EXERCISE AIM >> Write out, from the entries below, exactly the lines that run between the lines holding "Video conference icon" and "AOHMG Tuyau Jardin", inclusive, and stop there.

________________________________________

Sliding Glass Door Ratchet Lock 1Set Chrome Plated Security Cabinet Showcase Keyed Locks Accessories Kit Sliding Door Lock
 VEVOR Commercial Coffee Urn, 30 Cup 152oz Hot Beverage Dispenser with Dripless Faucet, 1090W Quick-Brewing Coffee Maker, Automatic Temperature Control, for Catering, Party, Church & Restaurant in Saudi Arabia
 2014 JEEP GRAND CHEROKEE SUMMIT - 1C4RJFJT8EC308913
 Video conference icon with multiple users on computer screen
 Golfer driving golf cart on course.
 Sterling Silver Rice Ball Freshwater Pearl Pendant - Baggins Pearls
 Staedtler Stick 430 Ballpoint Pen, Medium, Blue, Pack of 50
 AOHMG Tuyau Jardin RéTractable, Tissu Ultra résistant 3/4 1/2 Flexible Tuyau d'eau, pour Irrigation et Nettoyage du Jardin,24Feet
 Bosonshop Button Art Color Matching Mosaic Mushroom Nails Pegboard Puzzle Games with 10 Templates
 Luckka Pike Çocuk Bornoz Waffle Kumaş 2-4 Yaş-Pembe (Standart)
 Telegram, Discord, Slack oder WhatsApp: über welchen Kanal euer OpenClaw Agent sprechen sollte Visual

________________________________________

YOUR SOLUTION >>
 Video conference icon with multiple users on computer screen
 Golfer driving golf cart on course.
 Sterling Silver Rice Ball Freshwater Pearl Pendant - Baggins Pearls
 Staedtler Stick 430 Ballpoint Pen, Medium, Blue, Pack of 50
 AOHMG Tuyau Jardin RéTractable, Tissu Ultra résistant 3/4 1/2 Flexible Tuyau d'eau, pour Irrigation et Nettoyage du Jardin,24Feet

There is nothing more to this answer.